══ Data excerpt ══
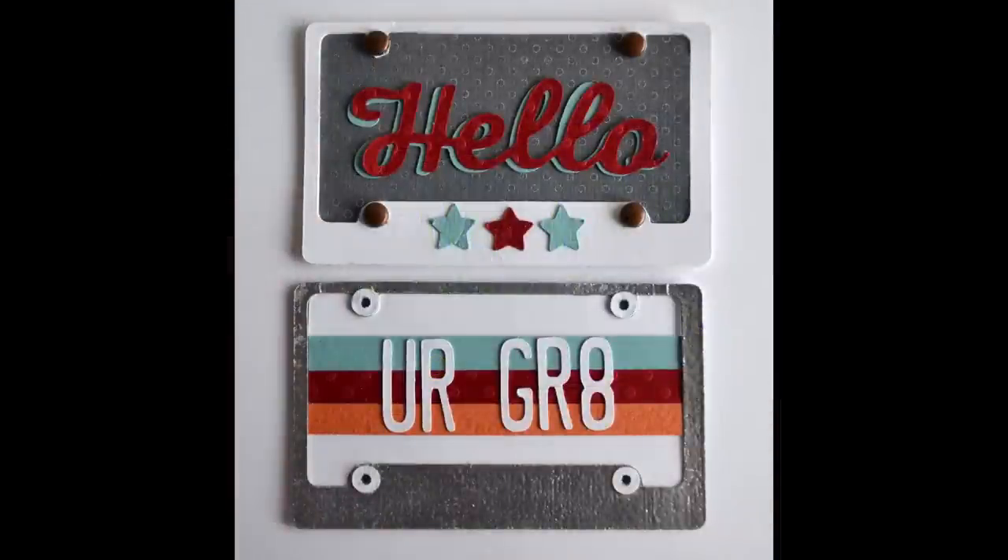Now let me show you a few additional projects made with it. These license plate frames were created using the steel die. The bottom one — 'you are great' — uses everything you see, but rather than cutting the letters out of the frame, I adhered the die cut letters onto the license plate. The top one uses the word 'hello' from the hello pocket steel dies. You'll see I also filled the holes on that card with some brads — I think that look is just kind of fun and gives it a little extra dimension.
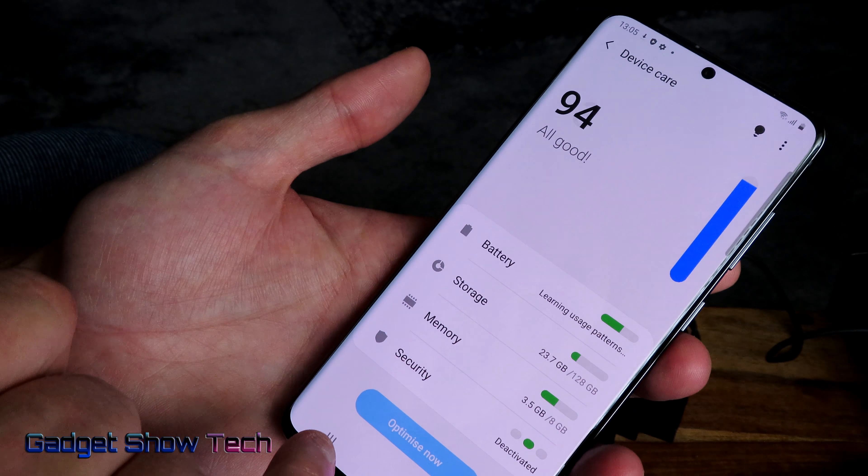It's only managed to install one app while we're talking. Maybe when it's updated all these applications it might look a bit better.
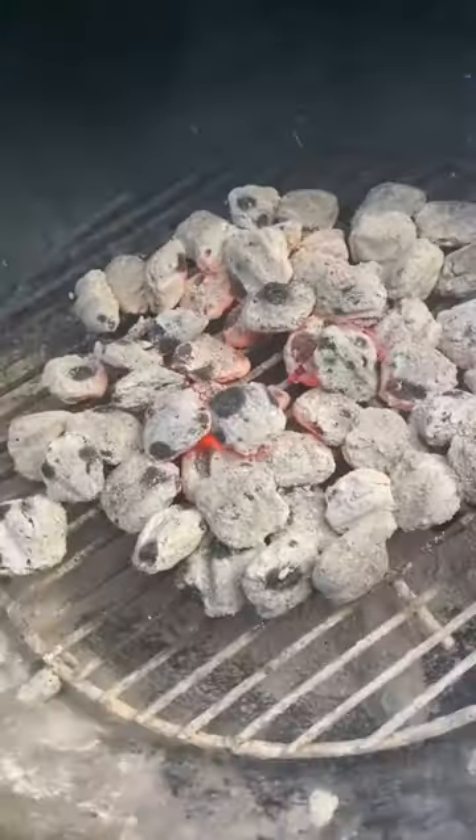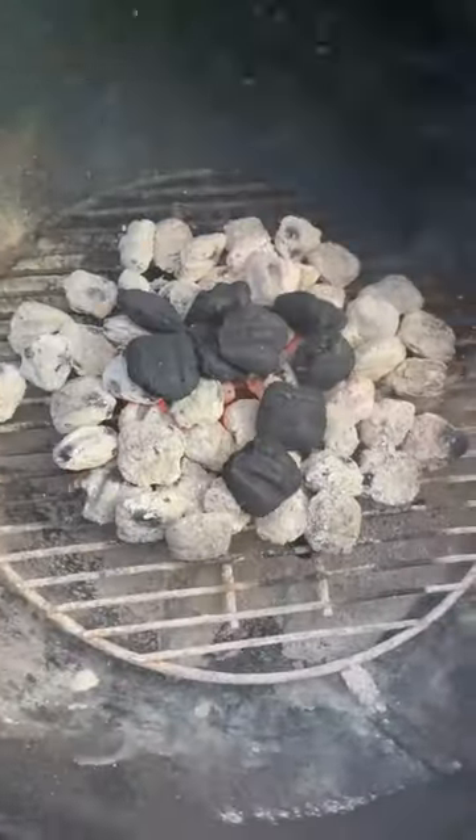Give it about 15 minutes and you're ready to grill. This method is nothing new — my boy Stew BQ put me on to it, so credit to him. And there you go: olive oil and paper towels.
═══
> [Your instructions]
Output each line of the listing above, word for word, from the one holding "It's only managed" through the last line, both included; omit the pictures.

> [Exercise solution]
It's only managed to install one app while we're talking. Maybe when it's updated all these applications it might look a bit better.
Give it about 15 minutes and you're ready to grill. This method is nothing new — my boy Stew BQ put me on to it, so credit to him. And there you go: olive oil and paper towels.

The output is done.